Deserialization as a Persistent RCE Primitive: Why Every Language Keeps Reinventing the Same Mistake

Jason

Jason

@Jason

In January 2015, Chris Frohoff and Gabriel Lawrence presented research at AppSec California that would reshape how the industry understood Java security. They had discovered that by carefully chaining together method calls across commonly-used Java libraries , Apache Commons Collections, Spring Framework, Groovy , an attacker could construct a serialized Java object that, when deserialized by any application that included those libraries on its classpath, would execute arbitrary operating system commands. No special vulnerability in the application itself was needed. The application merely had to deserialize untrusted data, and the right libraries had to be present.

The tool they released, ysoserial, packaged these "gadget chains" into a simple command-line utility. Point it at a target, pick a chain that matches the target's dependency tree, and it generates a serialized payload that pops a shell. Within months, security researchers had found deserialization endpoints in nearly every major Java application server, middleware platform, and enterprise application. WebLogic, WebSphere, JBoss, Jenkins, Spring, countless custom applications , they were all vulnerable, and many had been for years.

The reaction from the Java community was intense but instructive. The vulnerability was not in any specific library. Apache Commons Collections did not have a "bug" in the traditional sense. Each individual class behaved as documented. The gadget chain exploited the composition of behaviors across libraries to achieve an emergent capability , arbitrary code execution , that no individual library intended to provide. This made the problem fundamentally difficult to fix at the library level. You could not simply patch Commons Collections and move on, because the gadget chain mechanism worked with any sufficiently-expressive set of classes, and the Java standard library itself contained enough building blocks for several chains.

The Pattern Is Universal

What makes deserialization particularly insidious as a vulnerability class is that the same fundamental mistake has been made independently by virtually every programming language that provides native object serialization.

Java has ObjectInputStream, the original and most extensively researched deserialization attack surface. Gadget chains leveraging Commons Collections, Spring, Groovy, ROME, and the JDK itself have been publicly documented for a decade. Oracle has gradually added deserialization filters (JEP 290, JEP 415), but the default behavior remains permissive, and the filter mechanism requires explicit configuration that most applications do not implement.

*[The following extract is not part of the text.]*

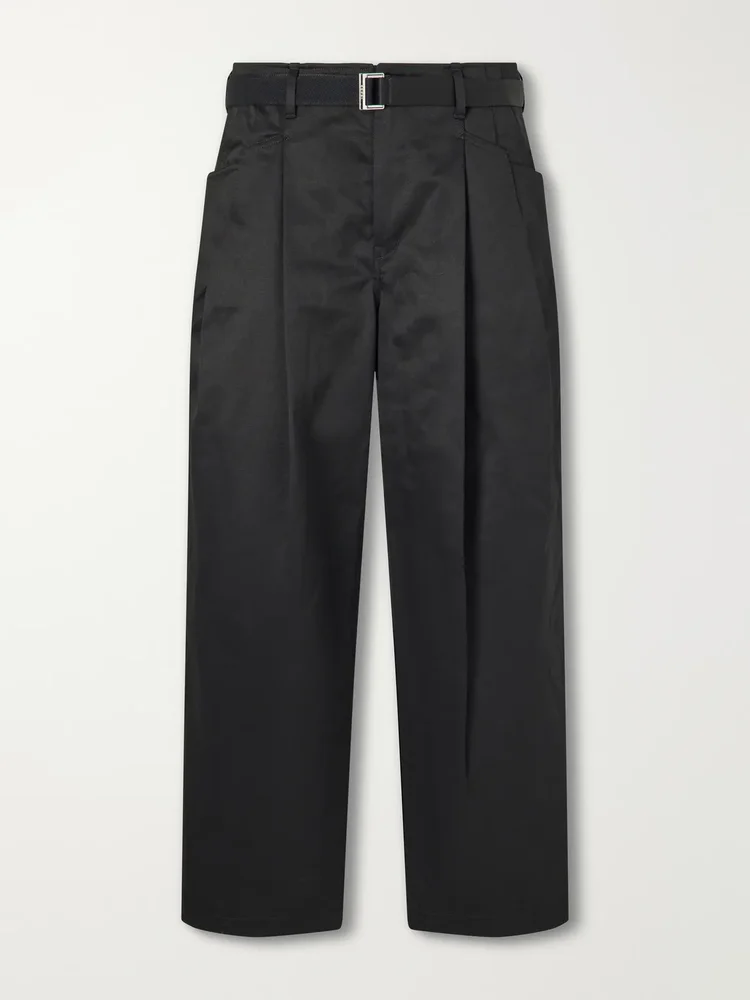 Wide-Leg Cotton Chinos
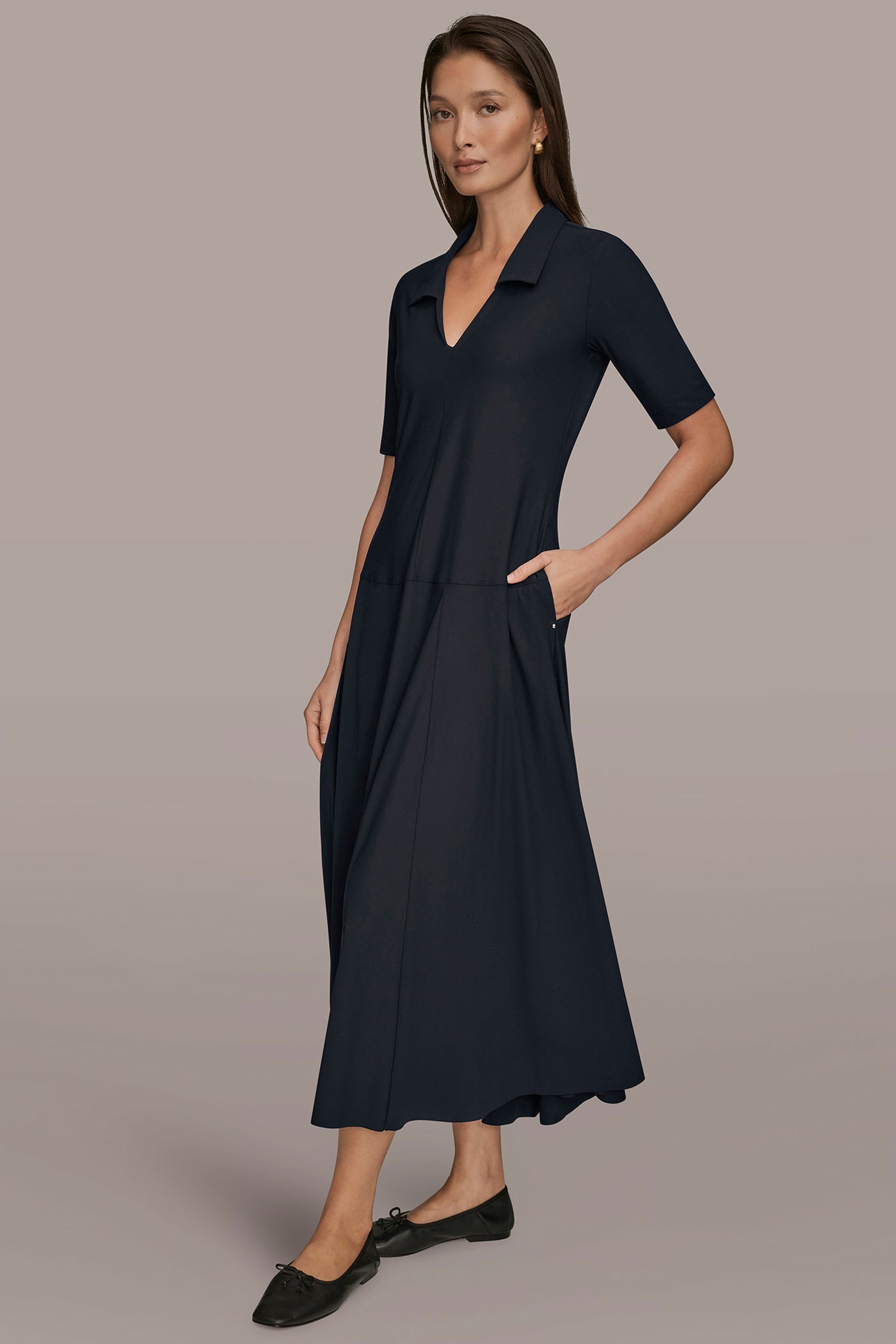 Black THE MODERN TRAVEL ELBOW SLEEVE MIDI POLO DRESS Donna Karan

Python has pickle, whose documentation has contained a warning , "Never unpickle data received from an untrusted or unauthenticated source" , since at least Python 2.4. The __reduce__ method, which controls how objects are reconstructed during unpickling, can return arbitrary callables, making pickle exploitation trivially easy: pickle.loads(malicious_data) can execute os.system("rm -rf /") with no gadget chain needed. Despite this, pickle remains widely used in machine learning pipelines (model serialization), scientific computing (result caching), and web applications (session storage, task queues). The convenience is too great, the warning too abstract, and the alternatives too inconvenient for most developers to abandon it voluntarily.

PHP has unserialize(), where exploitation relies on magic methods (__wakeup, __destruct, __toString) that are automatically called during deserialization. The PHP ecosystem's history with insecure deserialization is extensive , WordPress, Joomla, Drupal, Laravel, and virtually every major PHP framework has had deserialization vulnerabilities. PHP 7 added partial protections (the allowed_classes option for unserialize()), but the default behavior remains unrestricted, and legacy code rarely uses the safer option.

Ruby has Marshal.load, which is similarly dangerous. The 2013 Rails YAML deserialization vulnerability (CVE-2013-0156) was a watershed moment for the Ruby community. Rails accepted YAML-encoded parameters by default, and YAML deserialization in Ruby can instantiate arbitrary objects, leading to trivial RCE. The fix was to remove YAML parameter parsing from Rails, but the underlying Marshal.load and YAML.load remain available and dangerous.

.NET has BinaryFormatter, SoapFormatter, ObjectStateFormatter, and other serializers that reconstruct arbitrary type hierarchies. Microsoft has been gradually marking these as dangerous , BinaryFormatter was marked obsolete in .NET 5 and disabled by default in .NET 9 , but the migration path for existing applications is complex, and many enterprise .NET applications still rely on binary serialization for session state, ViewState, and inter-service communication.

The universality of this pattern tells us something important: this is not a series of independent implementation mistakes. It is a design-level trade-off that every language community makes, and that is consistently resolved in favor of expressiveness and convenience until exploitation forces a reassessment.

What Makes Gadget Chains Work

The concept of a "gadget chain" deserves closer examination because it is the mechanism that makes deserialization exploitation both powerful and difficult to defend against.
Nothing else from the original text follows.